When people refer to “rebounding fields,” of course, they often mean tech; the federal government is also pushing apprenticeship programs that could channel candidates into jobs such as coding.
“The Great Recession was a lost opportunity,” Lawrence Katz, an economist at Harvard University, recently told The New York Times. “Now, are we going to take this moment to help low-wage workers move into the middle class and give them skills to thrive? Or are they just going to go back to low-wage jobs that are dead ends?”
The Biggest Impacts
Last year, an analysis by the National Foundation for American Policy (NFAP) of U.S. Citizenship and Immigration Services (USCIS) data made it clear that the Trump administration’s earlier restrictions on H-1Bs were crushing business-services and consulting firms in particular. Meanwhile, tech companies such as Apple and Google experienced far fewer H-1B application denials. Check out the chart:
Firms such as Cognizant and TCS, in other words, were already feeling the pressure before the Trump administration instituted its temporary H-1B ban—and this latest executive order could upend their business model entirely.

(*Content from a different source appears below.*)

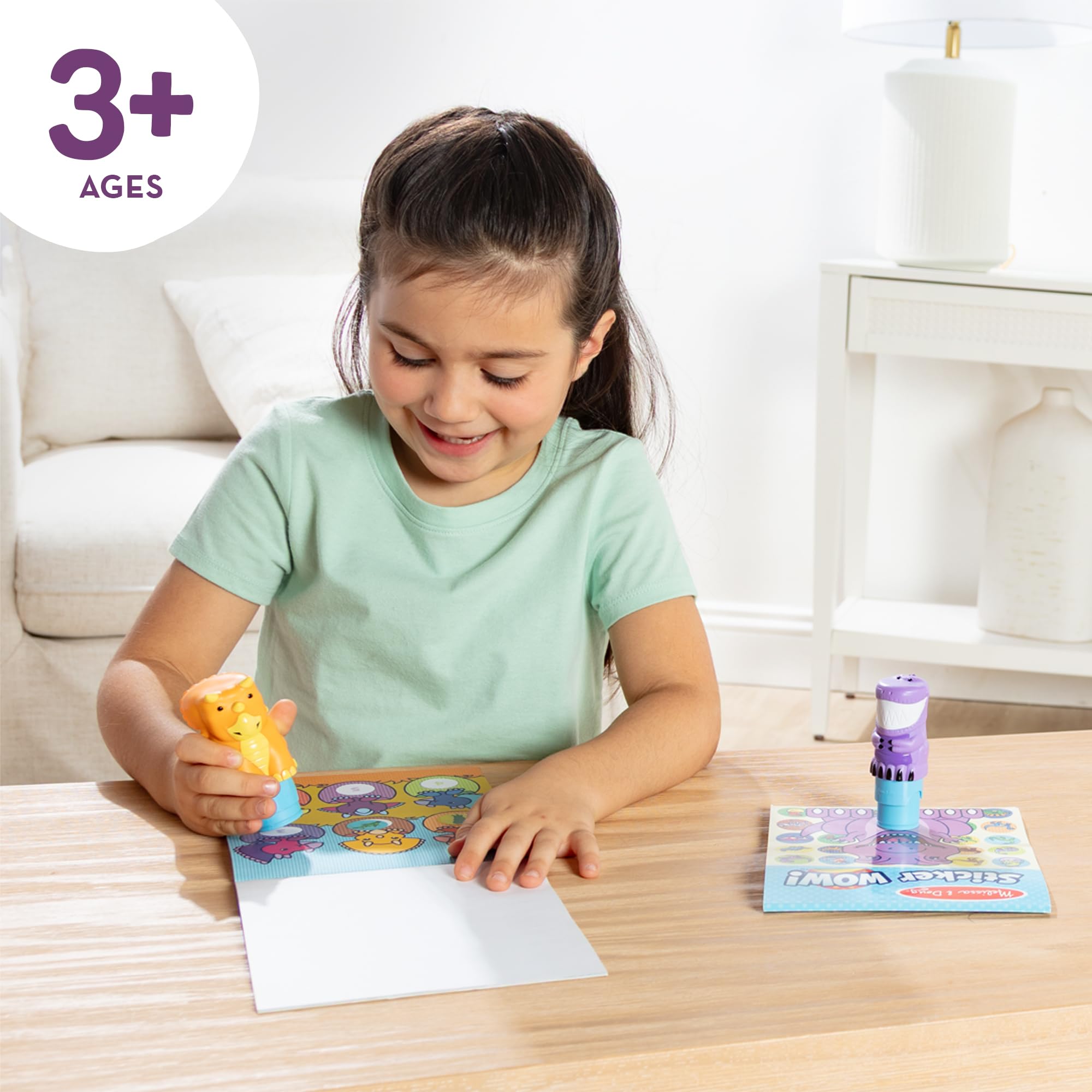 Melissa & Doug Sticker Wow! Deluxe Set - Dinosaurier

“Traditional” tech firms will end up impacted, as well, since many drew H-1B contractors from those business-services and consulting firms. The question now is whether they’ll outsource their talent, focus more on expanding their offices in other countries, boost their domestic workforces, or some combination of all of the above. Firms such as Google and Microsoft have talked quite a bit about building out their domestic talent pipelines, particularly in a diversity context; now they may have to deliver more fully on those promises.